Copyright © 2021 Albuquerque Journal
When the city of Santa Fe furloughed hundreds of employees in April in response to a pandemic-induced budget crisis, many called it a controversial decision – but it may prove to be an expensive one, as well.
The Public Employee Labor Relations Board issued a ruling Wednesday finding city officials had committed an unfair labor practice by failing to provide proper notification before issuing the furloughs.
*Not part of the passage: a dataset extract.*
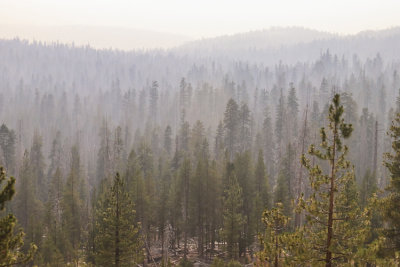 Trees stand shrouded in smoke along the southern end of the Tioga Road in Yosemite National Park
As a result, the city will have to pay damages to affected employees, with the exact amount being decided at a later date.
The complaint had been filed by American Federation of State, County and Municipal Employees (AFSCME) Local 3999, the union for city employees, in April, just before city councilors narrowly approved a first wave of furloughs.
Those furloughs saw many lower-wage employees take a deeper pay cut, sometimes as high as 40%. At the time, many employees said they also didn’t qualify for unemployment, exacerbating the economic loss brought on by the furlough.
That frustration became palpable when union members organized a demonstration outside Santa Fe City Hall ahead of the council’s vote. AFSCME members took a vote of no confidence in Mayor Alan Webber in August, with the furloughs cited as one of the primary reasons.
The union’s attorneys stated in their complaint that the city did not notify employees 28 days before furloughs were set to begin, a requirement in the bargaining agreement between the union and the city.
AFSCME also alleged the city did not provide relevant documentation regarding the furloughs, such as how city officials calculated an estimated $100 million deficit caused by the pandemic.
The city had said the fiscal emergency brought on by the pandemic forced them to issue furloughs earlier than the 28-day requirement. The pandemic crushed Santa Fe’s tourism market, depleting the city of a traditionally reliable revenue source.
The city spent a large part of 2020 making deep budget cuts and reorganizing city departments.
“Rapid decisions had to be made to address the burden,” Senior Assistant City Attorney Christopher Ryan told Board members Wednesday.
Labor Relations Board Hearing Officer Thomas Griego ruled in September that the city committed a violation by not providing request documentation.
However, he said the city forgoing the 28-day requirement was allowed, given the circumstances, and elected not to award any damages to employees.
The union soon filed an appeal, claiming the city owed employees damages for wages lost during the furloughs.
In the ruling issued by the Labor Relations Board on Wednesday regarding the appeal, two key changes were made: the 28-day violation was labeled a prohibited practice and the city would have to pay damages.
“The city’s failure to provide the length of notice … constituted a prohibited labor practice,” Board Chair Marianne Bowers said when issuing the ruling.
The city and union will now have to negotiate how much each furloughed union member will receive in damages. If an agreement cannot be reached, the Labor Relations Board will render a decision.
The parking, recreation and library divisions saw some of the largest cuts, Local 3999 President Gilbert Baca said. Those who received furloughs of 16 hours per week will most likely receive higher damages than those furloughed for fewer hours. Only union members are eligible to receive any damages.
“We tried to work with the city from day one,” Baca told the Journal after the hearing. “They just try to shove stuff down our throats and justice has prevailed today for my members.”
Webber and Ryan declined a phone interview with the Journal.
The exact amount of damages is still undecided, but union representatives have at least one figure they’ll bring to the negotiating table.
When the city announced the first wave of furloughs, it stated they would save around $1.4 million at the time. Attorney Stephen Curtice, who represents AFSCME, said that could be a starting point for negotiations, but a lack of information from the city makes it difficult to know.
“I don’t know how they came up with that number,” Curtice said. “They did not provide that to us.”